"Dynamic Systems Theory (DST) is a broad theoretical framework imported from the physical sciences and used in psychology and cognitive science in the past several decades that provides an alternative to the computational and information-processing approach that has governed main stream cognitive science since the dawn of the cognitive revolution in the mid-twentieth century (Beer, 2000; van Gelder & Port, 1995; van Gelder, 1998; Spivey, 2007). DST views all psychological processes and capacities as dynamic systems which are best described as complex, non-linear, self-organizing and emergent and whereby cognition develops over the life-course and occurs over real-time as a probable description of many possible alternatives instead of linear assembly of symbolic processes (Spivey, 2007; van Gelder & Port, 1995).
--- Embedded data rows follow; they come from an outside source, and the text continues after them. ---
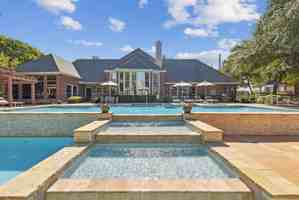 featured image of 5303 Hamilton Wolfe Rd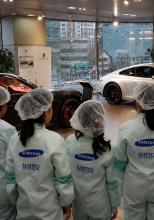 Bonusurile uriașe de la Samsung au trimis angajații direct în showroomurile mașinilor de lux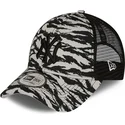 curva-snapback-negro-9forty-tiger-print-new-york-yankees-mlb-new-era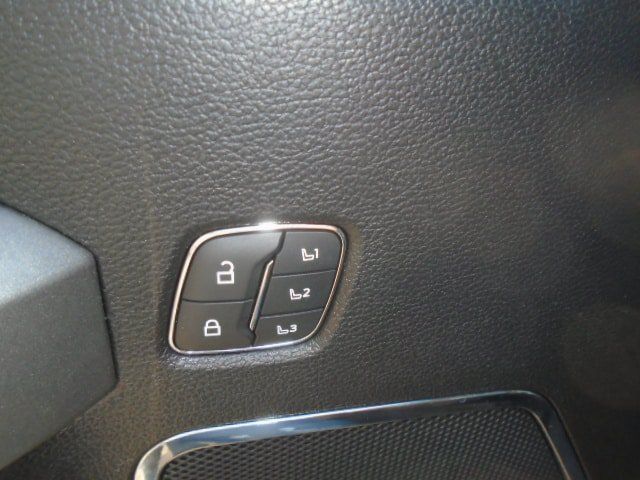 Used 2021 Ford F350 Platinum AWD/4WD image 20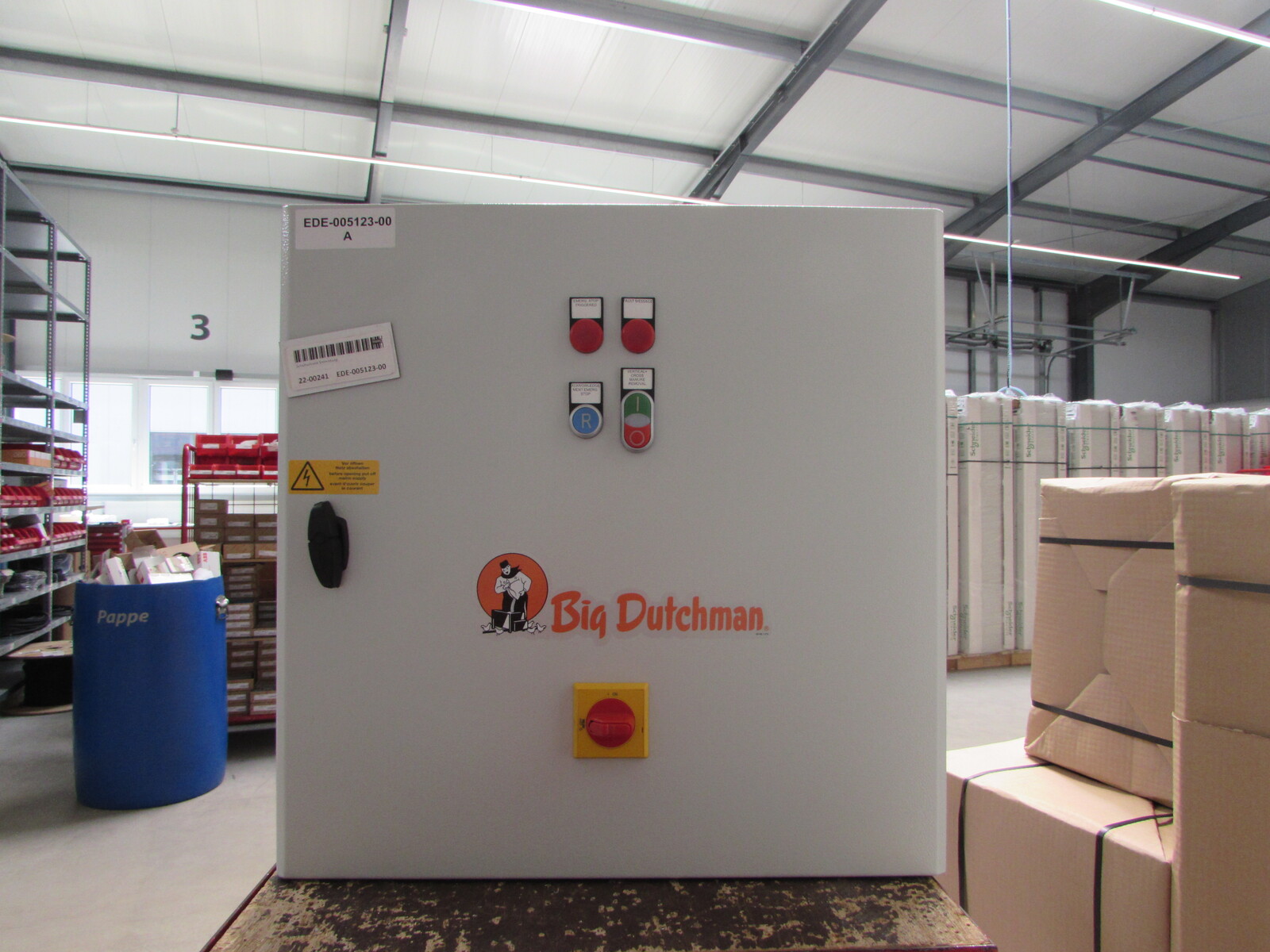 Control cab. Manure Removal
Psychological capacities are viewed as emerging as more complex unique forms from prior simpler states, moving from chaotic to more stable trajectories in a theoretical state-space that culminate in the manifestation of a specific thought in real-time or a developmental phenomenon over ontogenesis (Spivey, 2006, Thelen & Smith, 1994; van Geert, 1998). There is a sensitivity to initial conditions and a determination by multiple causality, whereby psychological phenomena, be it a developmental capacity or cognition more generally, are softly-assembled (Thelen & Smith, 2003)." [...]
"DST provides an account of cognitive phenomena that is dynamical, embodied, completely situated and ecologically-grounded and the ways that cognitive scientists go about conducting research and theory building is likely to be influenced by these fundamental aspects to this meta-theory."